Hyperuniformity in Type-II Superconductors with Point and Planar Defects
Joaqu\'in Puig, Jazm\'in Arag\'on S\'anchez, Gladys Nieva, Alejandro, B. Kolton, Yanina Fasano

TL;DR
This study investigates how different types of disorder in type-II superconductors influence hyperuniformity, revealing that point defects promote it while planar defects suppress it, with effects depending on system softness.
Contribution
It uncovers the fundamental role of planar defects in suppressing hyperuniformity and how this effect varies with system softness in vortex matter.
Findings
Point defects induce hyperuniformity with algebraic suppression of density fluctuations.
Planar defects suppress hyperuniformity, leading to unbounded density fluctuations.
The suppression of hyperuniformity by planar defects increases with system softness.
Abstract
We use vortex matter in type-II superconductors as a playground to study how different types of disorder affect the long wavelength density fluctuations of the system.
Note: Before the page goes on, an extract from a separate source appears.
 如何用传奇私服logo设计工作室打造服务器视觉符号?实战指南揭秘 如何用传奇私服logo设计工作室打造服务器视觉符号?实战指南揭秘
We find that irrespective of the vortex-vortex interaction, in the case of samples with weak and dense point defects the system presents the hidden order of hyperuniformity characterized by an algebraic suppression of density fluctuations when increasing the system size. We also reveal that, on the contrary, for samples with planar defects hyperuniformity is suppressed since density fluctuations have a tendency to unboundedness on increasing the system size. Although some of these results were known from previous works, this paper makes the fundamental discovery that the ability of planar disorder to suppress hyperuniformity grows on increasing the softness of the structure for more diluted systems.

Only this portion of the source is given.